The exemplary application development system comprises graphic user
interface (GUI) frameworks 1-1, different modality APIs 1-2, 1-2'
and a multimodal API 1-3. The existing GUI frameworks and future
GUI frameworks may be utilized with the invention as they are (and
will be), the invention does not require any changes to them, or
set any requirements for them either. The same applies also to
different modality APIs.
[0024] A number of GUI frameworks 1-1 exist for Java, such as those
illustrated in FIG. 1, Swing, AWT (Abstract Window Toolkit) and
LCDUI (liquid crystal display user interface for Java 2 Micro
Edition (J2ME), i.e. for wireless Java applications), for example.
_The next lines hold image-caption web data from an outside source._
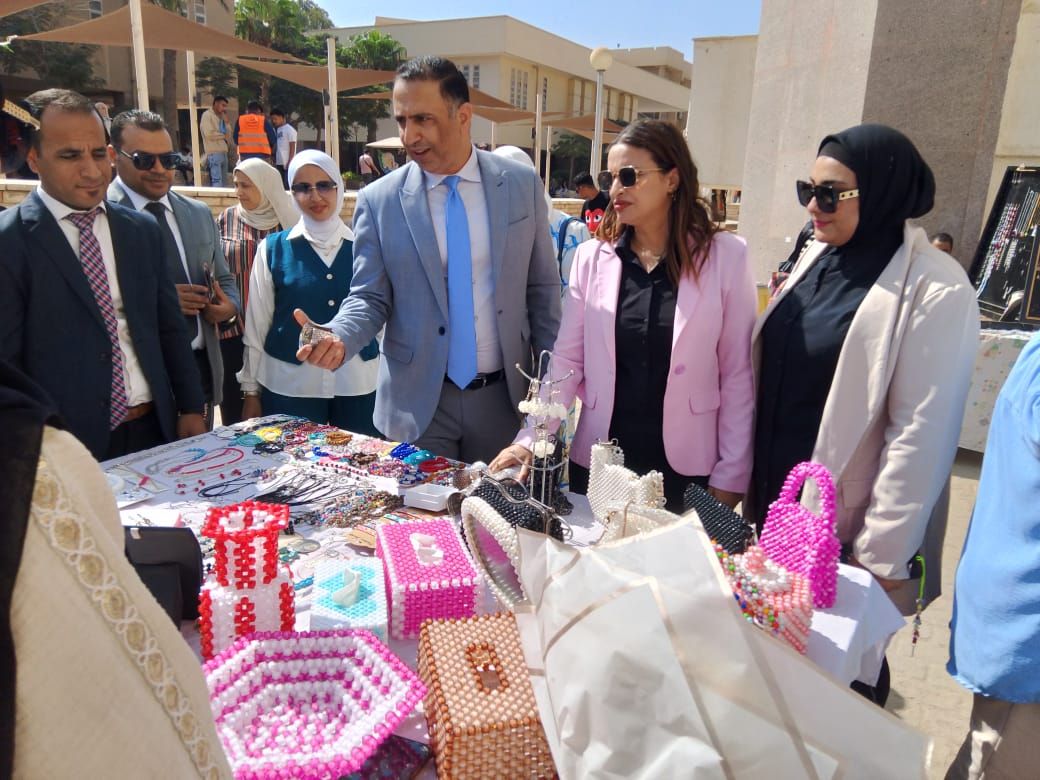 معرض الأسر المنتجة بجامعة حلوان معرض الأسر المنتجة بجامعة حلوان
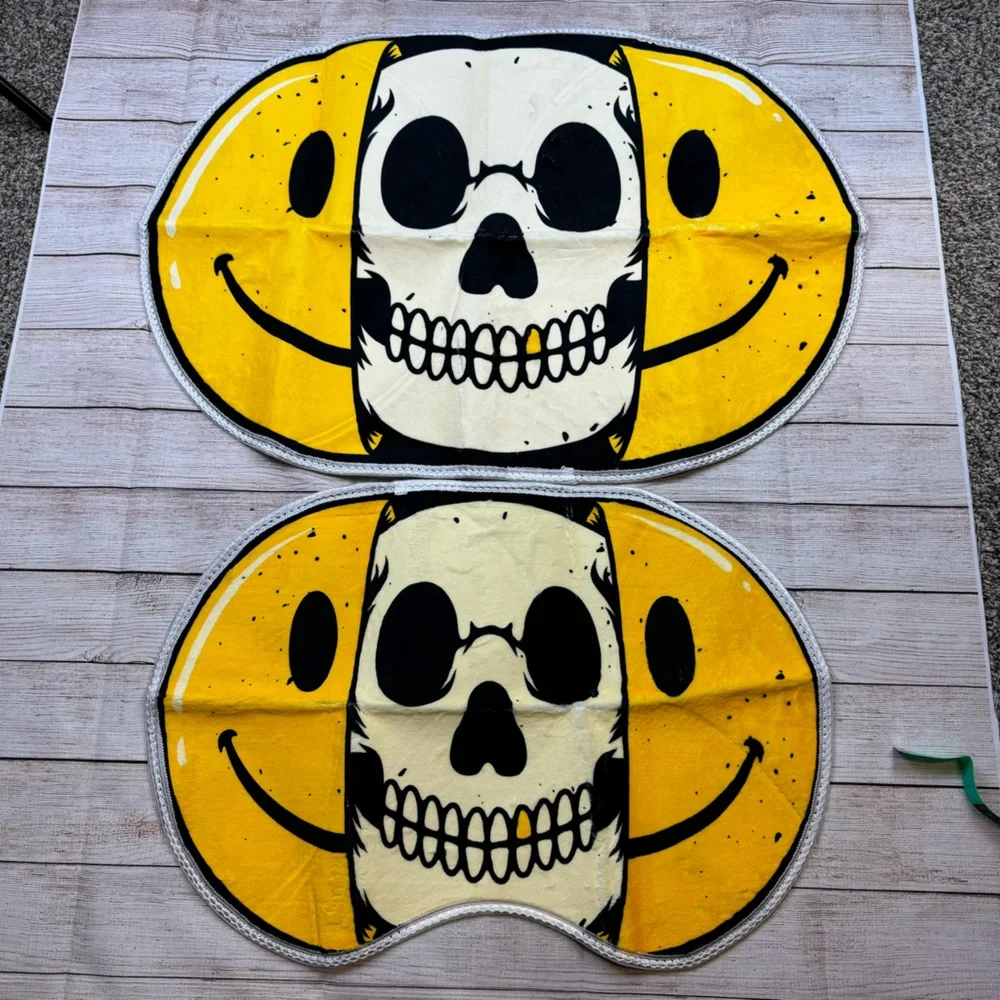 Set of 2 Smiling Skull Print Pattern Bath Rugs Art Microfiber Tufted Non-Slip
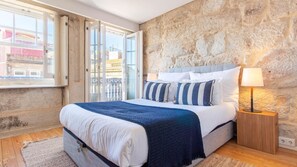 1 bedroom, free WiFi, bed sheets - São Domingos Apartment by LovelyStay (Porto)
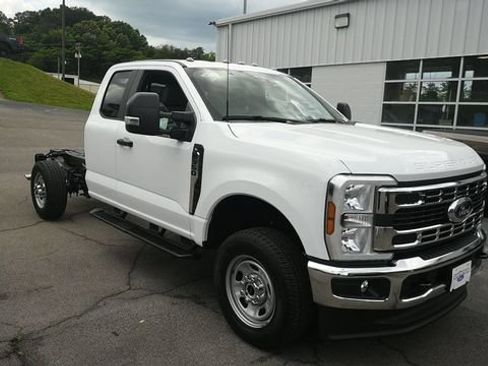 New 2026 Ford F350 XL w/ XL Chrome Package AWD/4WD image 3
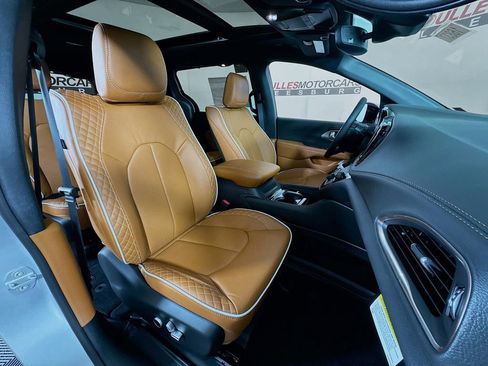 New 2026 Chrysler Pacifica Pinnacle image 33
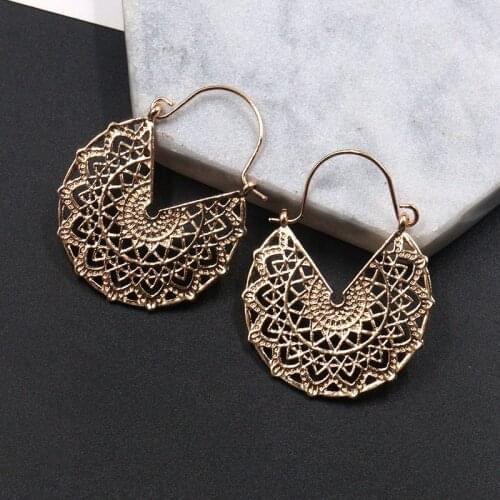 2018 New Fashion High Polished Round Filigree Geometric Earrings for Women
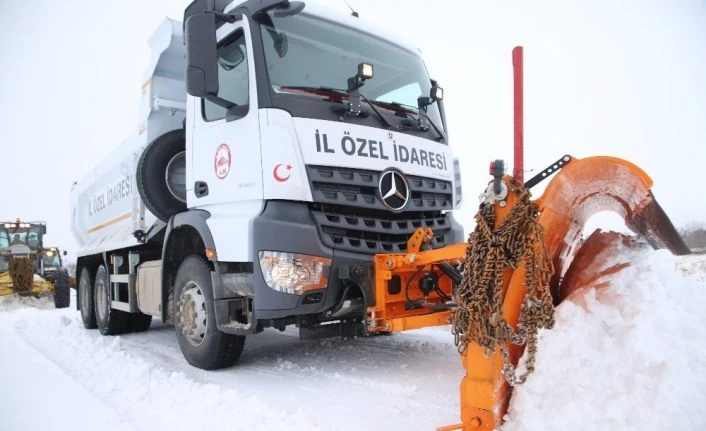 Elazığ’da kar nedeniyle kapanan 148 köy yolu açıldı, 121’i için çalışma sürüyor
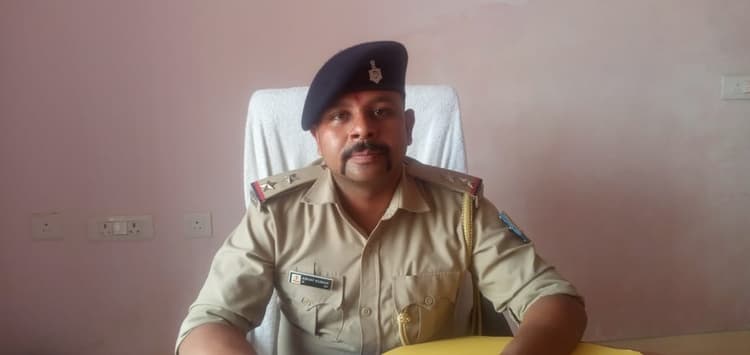 अभय कुमार ने करमाटांड़ थाने का संभाला पदभार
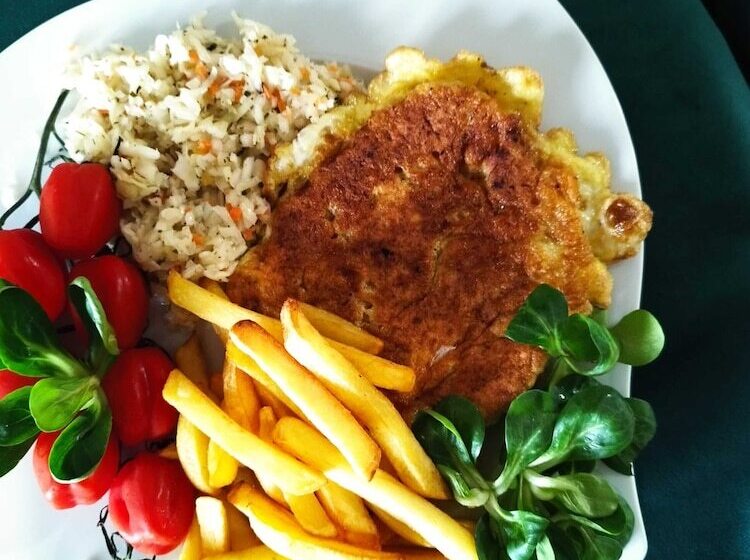 Shick Hostel & Apartments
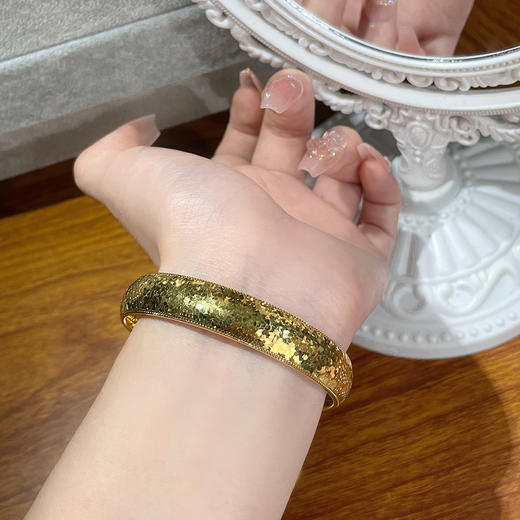 【限时克减150元】足金 无氰5D空心固口手镯碎碎冰手镯（面宽约11.3-11.7mm）(AR5DSZ00072)预售产品下单后不退款不退货不换货不补差价 商品图3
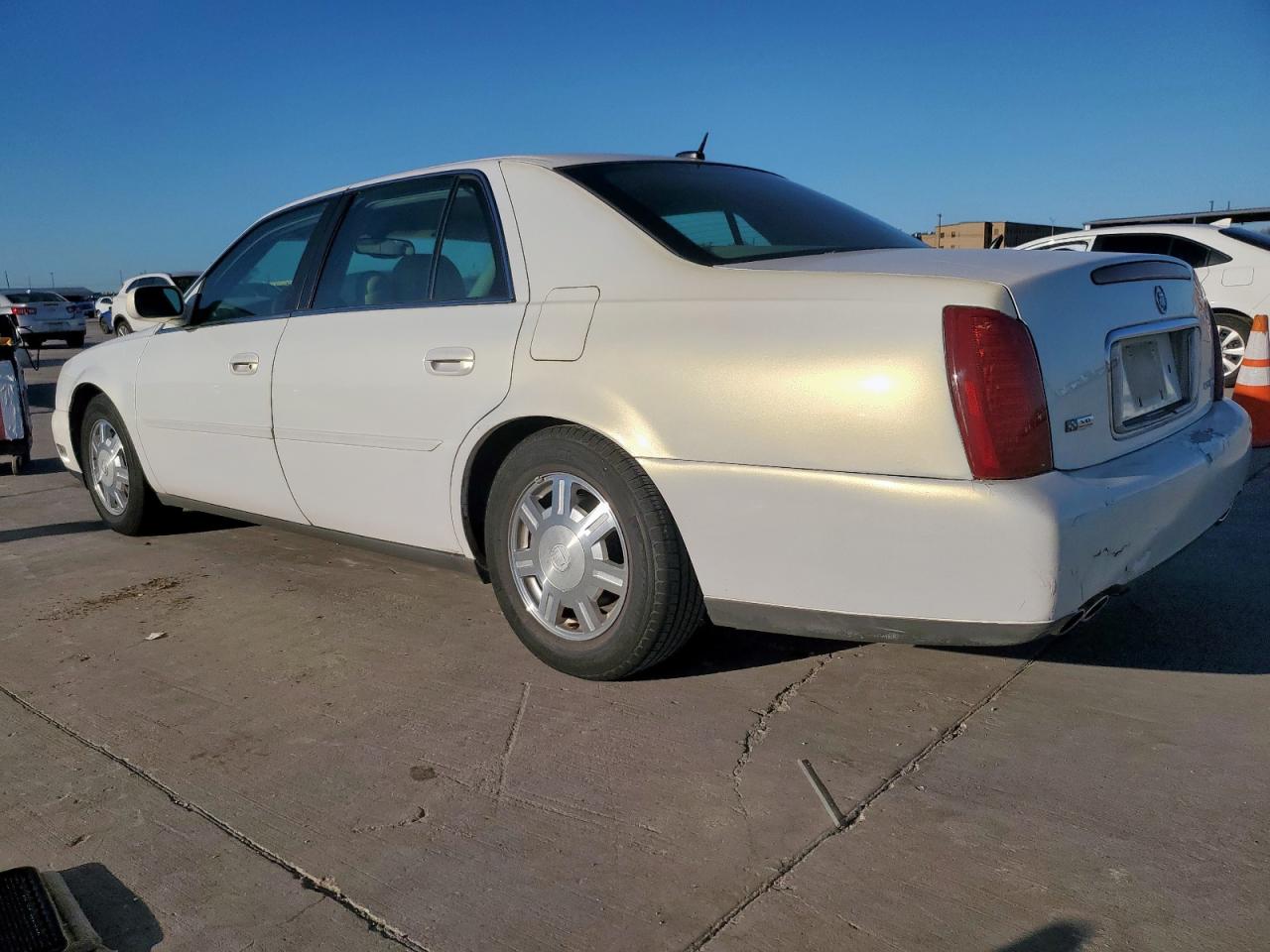 2005 Cadillac De Ville - Image 2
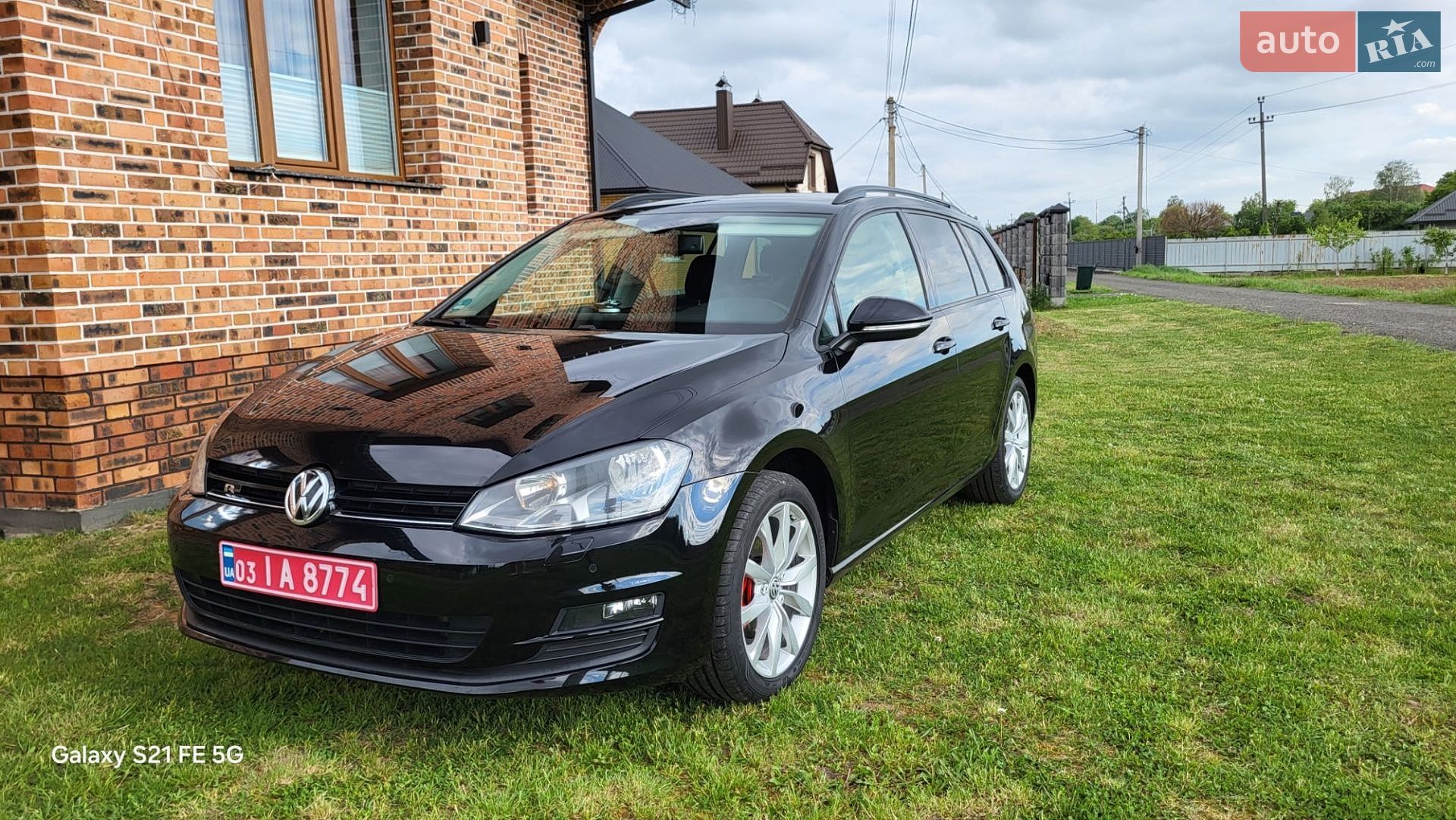 Volkswagen Golf 2015 VIN WVWZZZAUZFP631294 фото оголошення 42 з 45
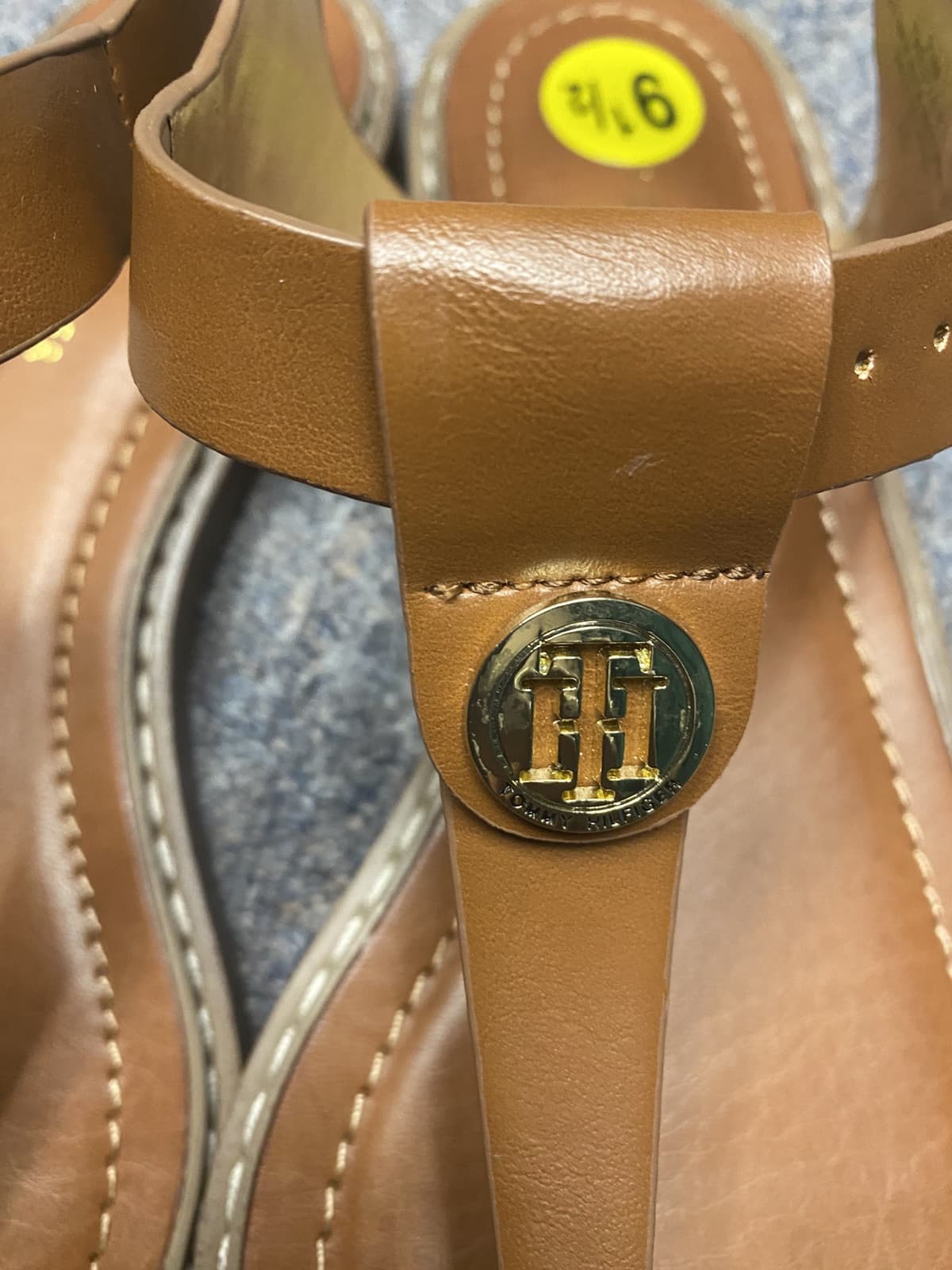 Tommy Hilfiger Brown T-Strap TH Logo Fashion Sandals Women's Size 9.5 - Thumbnail 2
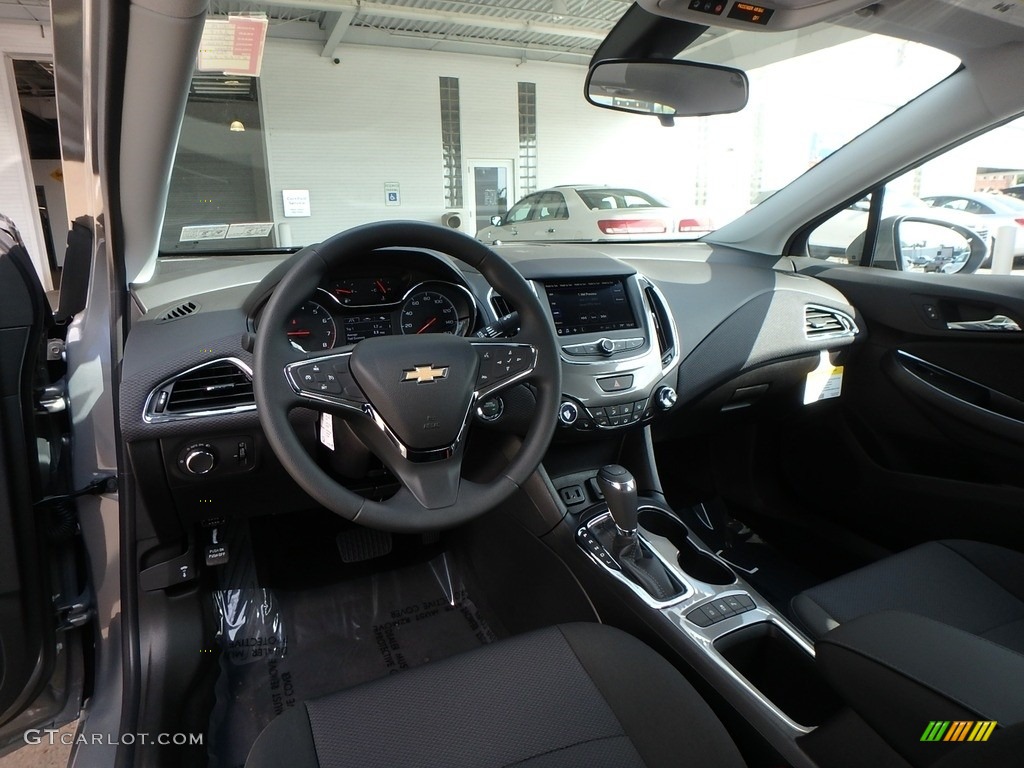 2019 Cruze LT - Pepperdust Metallic / Black photo #12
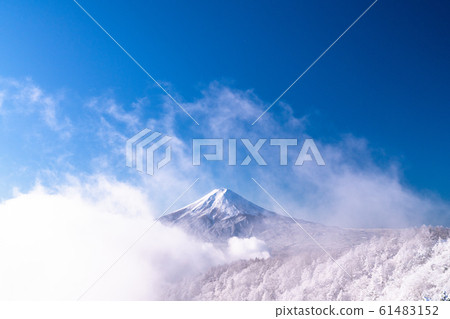《山梨縣》富士山的三關和烏云密布的白海 《山梨縣》富士山的三關和烏云密布的白海 61483152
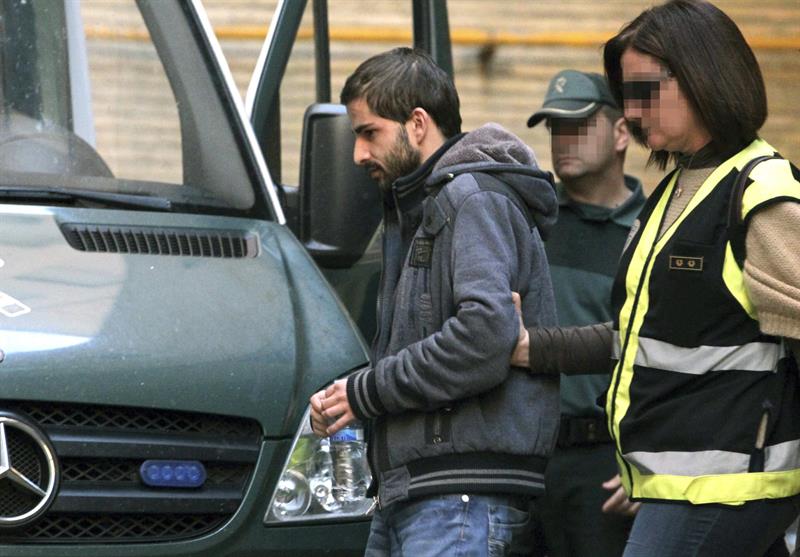 Carcaño asegura al padre de Marta del Castillo que está enterrada en La Algaba Carcaño asegura al padre de Marta del Castillo que está enterrada en La Algaba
Each GUI framework contains classes (not illustrated in FIG. 1). It
should be noted, that the GUI frameworks here are just examples,
any other frameworks may be used instead of or with a GUI
framework.
[0025] In the example shown in FIG. 1, only one of the modality
APIs is shown in detail, the modality API being Java Speech API
JSAPI 1-2 containing different classes.
[0026] The multimodal API 1-3 provides an integration tool for
different modalities according to the invention and different
embodiments of the multimodal API 1-3 will be described in more
detail below. The multimodal API 1-3 can be used in several
applications in which multimodal inputs are possible, including but
not limited to applications in mobile devices, vehicles, airplanes,
home movie equipment, automotive appliances, domestic appliances,
production control systems, quality control systems, etc.
[0027] A first exemplary embodiment of the invention utilizes
aspect-oriented programming. Aspect-oriented programming merges two
or more objects into formation of the same feature. Aspects are
same kind of abstractions as classes in object-oriented
programming, but aspects are intended for cross-object concerns. (A
concern is a particular goal, concept or area of interest and a
crosscutting concern tends to affect multiple implementation
modules.) Thus, aspect-oriented programming is a way of
modularizing crosscutting concerns much like object-oriented
programming is a way of modularizing common concerns. A paradigm of
aspect-oriented programming is described in U.S. Pat. No.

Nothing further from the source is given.